Your final layout needs to be approved by your city, and the Ontario Building Code requires that unless you draw your own, the plans you submit for a building permit have to been drawn by a person or firm who possesses a BCIN (Building Code Identification Number), which is proof of qualification to do so. If your contractor is going to prepare the plans for permit application, make sure he has a BCIN. While talking about permits, if your contractor tells you a permit is not required, check with your city building department. He may be telling you that for reasons we won’t go into here.
Tip: The wasted space under your stairs can be transformed into an office unit, built-in storage, a washroom or a bar.
2) Get rid of moisture
Check for any water issues in your basement – pools of water, mould, drips or drip stains. Look for any cracks in the foundation walls (and repair if necessary) and make sure that the ground is graded away from your foundation.
Even after taking care of any moisture issues, your basement can still become a damp place. Keep it cool and dry by adding a vapor barrier to both the walls and floors before framing and finishing these surfaces.
Now you can start building the frames of the basement walls according to your design. When framing, you’re building a skeleton outline that will help when installing your walls, making them strong and durable. It also allows you to see your project take shape!
4) Install electrical and plumbing
Doing the electrical and plumbing work yourself is very rewarding and can save you a lot of money. However, keep in mind that unless you have done it before, there is a steep learning curve if you decide to go this route, so factor in your time and safety when comparing DIY costs and contractor hire.
If you do decide to do the electrical and plumbing work on your own, you still need a permit for both types of work, and you must have the plumbing inspected by the city and the electrical by the Electrical Safety Authority. If you don’t and you have to make a claim on your insurance, if the insurance company finds out that some non-inspected work is present in your house, they may deny the claim.

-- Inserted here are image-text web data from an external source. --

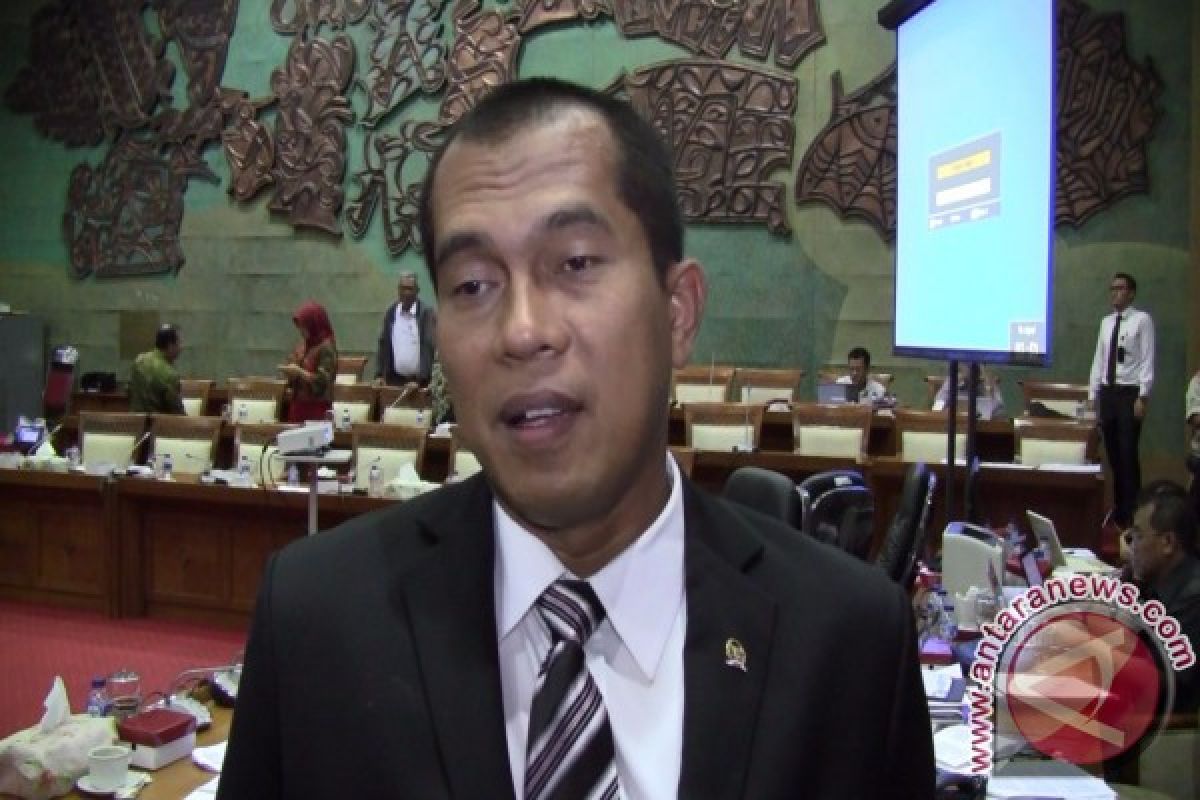 DPR akan minta penjelasan BIN soal deteksi dini teror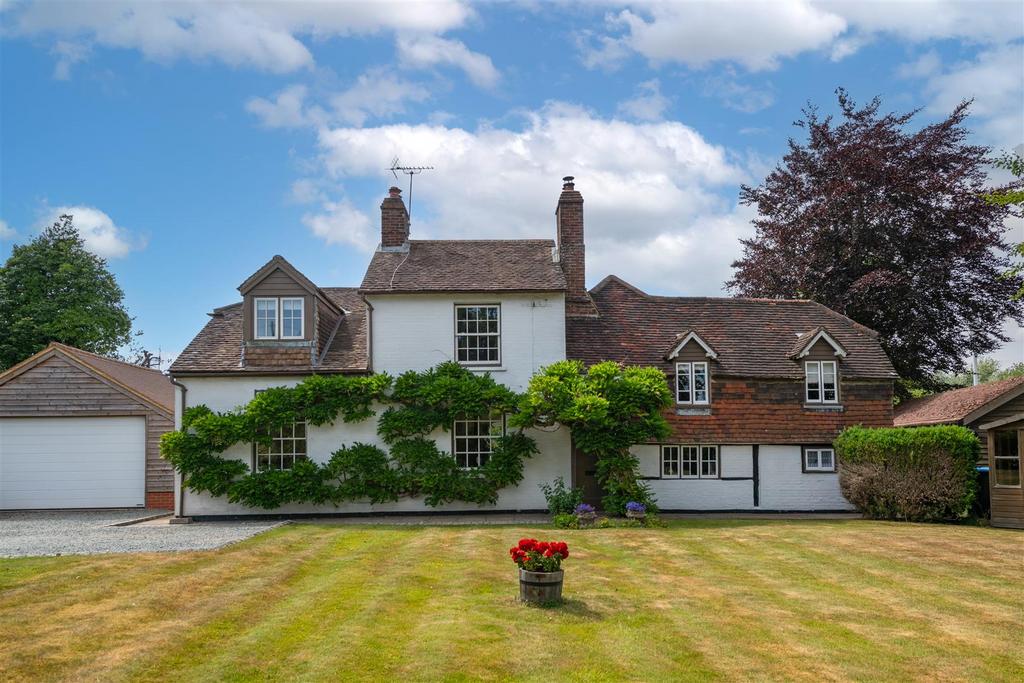 Keepers Cottage externals-2.jpg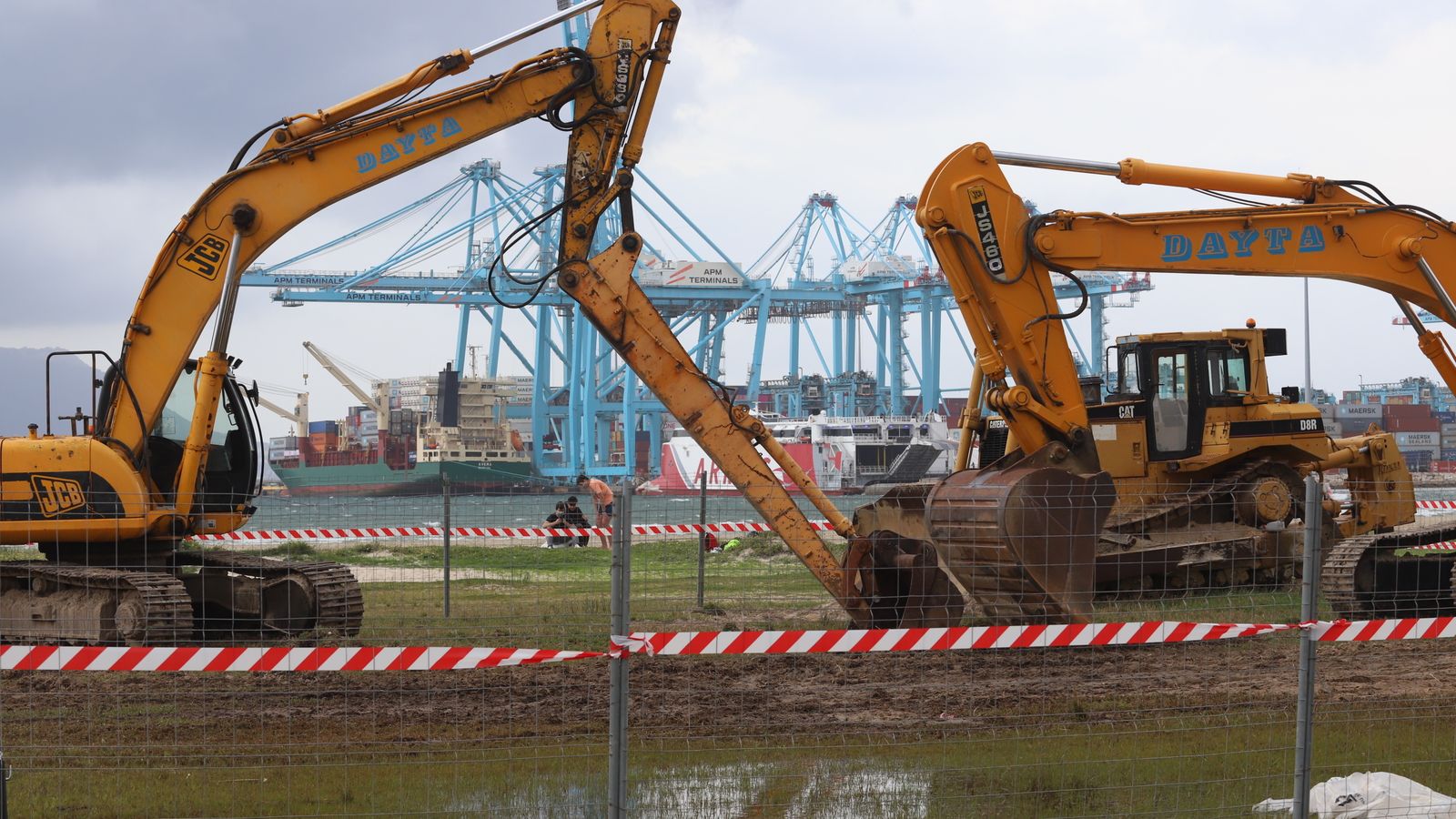 Detalle del recinto con las excavadoras.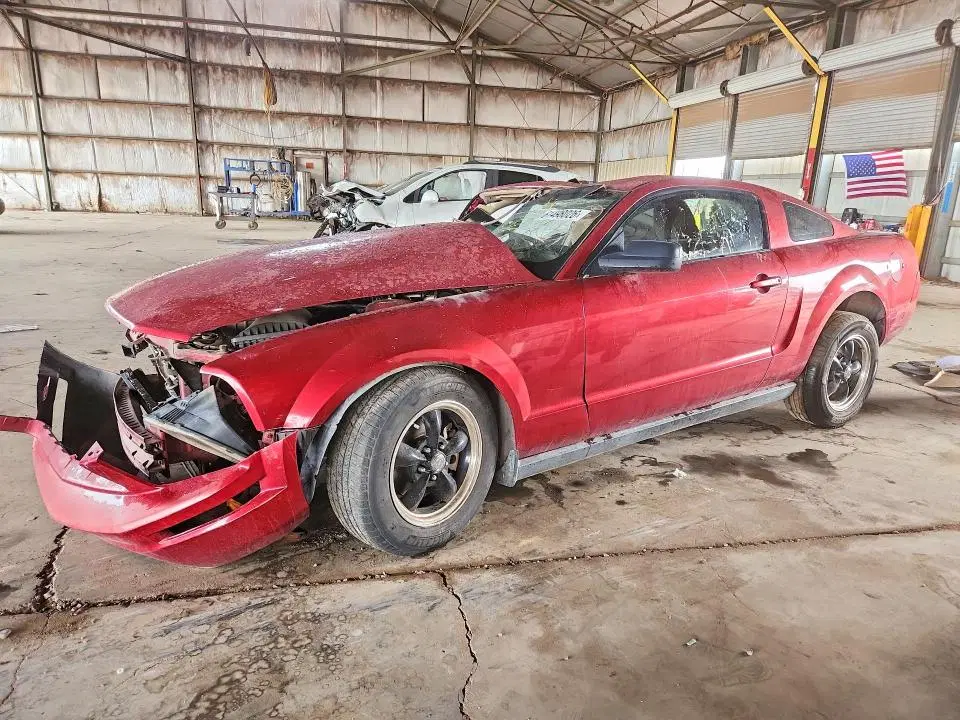 1ZVFT80N955152197 — 2005 Ford Mustang, FRONT END, фото до ремонта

5) Install HVAC and insulation
Basements need heating, ventilation and even air-conditioning. They also need proper insulation, which is key for energy-efficiency and comfort, so make sure that your HVAC and insulation meet your long-term needs (be sure to check city building requirements).
6) Install drywall
This is where you see your basement really take form. All the framing, wires, pipes and insulation are replaced by actual living spaces. Although this stage is the most labor intensive, it can be the most satisfying. This is another opportunity to sub-contract, because besides labor-saving benefits, contractors can bring great pricing and much better finished results than most homeowners are capable of!
7) Painting, trimming and flooring
You are nearing the finish line! This is where your walls, doors, ceilings and trims get their new colours (note: it’s much easier to paint doors and trims before they’re installed). It’s also time to get creative – you can stain floors instead of installing carpets or hardwood, choose fun wallpapers or layer textiles and patterns. Cool tiling and different types of metals can add character to bathrooms and kitchens.
8) Furniture and finishing
For the final stage, install items like shelving, door knobs, switch covers and any other finishing touches. Once you’ve done this, it’s time to bring in your furniture and personal items to style your space exactly how you like it.